教団:タックを信仰する教団は存在しません。また、この神は信仰を嬉々として受け入れはするものの、ひとかけらもそれには報いません。信奉者は憑代として使い捨てられます。
攻撃と特殊な効果:タックは自らの三本指の手を生物の鼻と口に捻じ込むことにより、その肉体を憑代とすることが出来ます。憑依の対象となった者はこの神とPOWを対抗させてロールを行い、失敗するとこの神に肉体を奪われてしまいます。この神の憑依は哀れな犠牲者の魂を完全に破壊し、肉体と精神を完全に奪い取ります。この神は憑依した存在の技能や記憶をそのまま使用することが出来ます。犠牲者は憑依から一時間ごとにSTRとSIZ、CONがそれぞれ18ポイントになるまで1ポイントずつ増加します。一方POWは一日毎に1ポイントずつ失われます。POWが失われるたびに哀れな犠牲者の肉体は腐敗していき、まるで重度被爆者のように蕩けてゆきます。腐敗がひどくなった犠牲者が動き回っているのを見てしまった者は1/1D4の正気度を喪失します。POWが0ポイントになるかこの神が憑依を解いた時、犠牲者の肉体は完全に腐り落ちてしまいます。このような腐敗がひどくなる前に、この神はできる限り多くの人間を無差別に殺して殺戮の飽くなき欲望を満たそうとすると同時に、新しい憑依の対象をストックしようとします。この神は憑依している犠牲者を使って、別の人間の肉体に「移り変わる」ことが可能です。移り変わりは非常に簡単なもので、憑依者が口から別の人間や動物の口へと息を吹き込んだとき、この神とのPOW対抗ロールを同じく行い、対象が失敗すればこの神は新たな肉体へと移り変わります。この際古い肉体の持っていた技能はすべて失われますが、記憶は残ります。古い肉体はグズグズに腐り果てます。例え憑依した犠牲者が死亡しても、この神はいささかの痛痒も受けません。ただ〈イニ〉へと帰還するだけです。

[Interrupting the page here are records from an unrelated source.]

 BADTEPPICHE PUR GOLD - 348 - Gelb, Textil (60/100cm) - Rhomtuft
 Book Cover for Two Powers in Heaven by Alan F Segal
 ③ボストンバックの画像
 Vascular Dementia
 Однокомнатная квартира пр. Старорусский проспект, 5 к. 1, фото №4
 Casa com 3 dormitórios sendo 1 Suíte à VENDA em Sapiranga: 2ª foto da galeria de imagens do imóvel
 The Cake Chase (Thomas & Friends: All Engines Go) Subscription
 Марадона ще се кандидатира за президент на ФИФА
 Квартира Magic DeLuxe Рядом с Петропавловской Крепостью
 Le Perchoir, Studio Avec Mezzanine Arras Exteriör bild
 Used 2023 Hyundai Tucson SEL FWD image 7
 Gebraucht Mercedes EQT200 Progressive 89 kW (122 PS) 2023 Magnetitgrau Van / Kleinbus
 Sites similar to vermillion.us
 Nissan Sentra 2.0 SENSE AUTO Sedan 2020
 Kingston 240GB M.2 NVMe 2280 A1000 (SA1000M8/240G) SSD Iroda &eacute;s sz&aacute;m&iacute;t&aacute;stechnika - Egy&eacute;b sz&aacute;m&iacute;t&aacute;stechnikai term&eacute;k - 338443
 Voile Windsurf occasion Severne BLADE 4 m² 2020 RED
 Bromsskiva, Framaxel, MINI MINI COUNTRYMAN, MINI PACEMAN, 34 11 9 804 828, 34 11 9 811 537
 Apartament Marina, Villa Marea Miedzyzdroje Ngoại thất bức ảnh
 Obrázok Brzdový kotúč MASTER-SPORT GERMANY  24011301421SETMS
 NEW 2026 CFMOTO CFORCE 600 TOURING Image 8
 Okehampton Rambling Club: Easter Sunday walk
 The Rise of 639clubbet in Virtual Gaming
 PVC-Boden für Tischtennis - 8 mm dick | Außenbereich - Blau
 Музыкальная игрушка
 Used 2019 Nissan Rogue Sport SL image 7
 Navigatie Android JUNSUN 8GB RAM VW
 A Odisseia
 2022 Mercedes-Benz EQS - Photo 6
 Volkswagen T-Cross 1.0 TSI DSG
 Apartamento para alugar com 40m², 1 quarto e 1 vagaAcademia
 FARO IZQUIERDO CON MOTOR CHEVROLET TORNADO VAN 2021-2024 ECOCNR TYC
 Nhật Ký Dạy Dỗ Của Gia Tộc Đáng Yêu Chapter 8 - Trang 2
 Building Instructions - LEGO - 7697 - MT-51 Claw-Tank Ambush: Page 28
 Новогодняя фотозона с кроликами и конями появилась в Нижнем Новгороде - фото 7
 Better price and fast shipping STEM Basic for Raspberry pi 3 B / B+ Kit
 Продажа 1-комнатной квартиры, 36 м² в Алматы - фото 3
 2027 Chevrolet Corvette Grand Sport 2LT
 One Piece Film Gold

極めて稀な例ですが、この神の憑依の際に、まるで誂えた服のようにこの神とぴったり合った肉体を持つ人間が存在することがあります。それは例えば脳、あるいは精神に異常を持つ、この神のぞっとするような精神と似た側面を持つ者です。そのような存在に憑依したタックは、その人間の妄想を歪んだ形――殺戮を振りまく存在に歪められた――で現実に実体化させることが出来ます。例えば心底からのサディストには人間をとらえて離さない歩く拷問機械を、ナチズムを狂信的に信じる者には彼の言いなりになる残虐なSSの部隊を、アニメを自閉的に好む引きこもりのオタクには人間を狩るアニメキャラクターを与えます。そのような狂人が憑依によってPOWを喪失しても、腐敗し死亡することはありません。ただしPOWが0になった時点で、この神はそのような狂人の精神を完全に奪い去り、そして妄想の具現化に自分に相応しい、荒涼で広大な砂漠の幻影の創造を加えます。砂漠の幻影は本物と変わらない広大さを持ち、一つの街を包み込むことすら可能です。犠牲者を本物と飢えと渇き、熱と冷気によって責めさいなみ、殺害しうるもので、加えてこの幻影は現実とさほど変わるものではなく、ただかりそめの存在であるというだけなので、〈精神分析〉のような技能で解除することはできません。この恐ろしい力は、ぴったり合った人間にタックが憑依できるまでは、タック自身には使うことが出来ません。彼のこの能力は、狂人の歪んだ精神がなければ失われてしまうのです。このような狂人を殺害した場合、幻影はすぐさま消え去り、タックは〈イニ〉へと帰還します。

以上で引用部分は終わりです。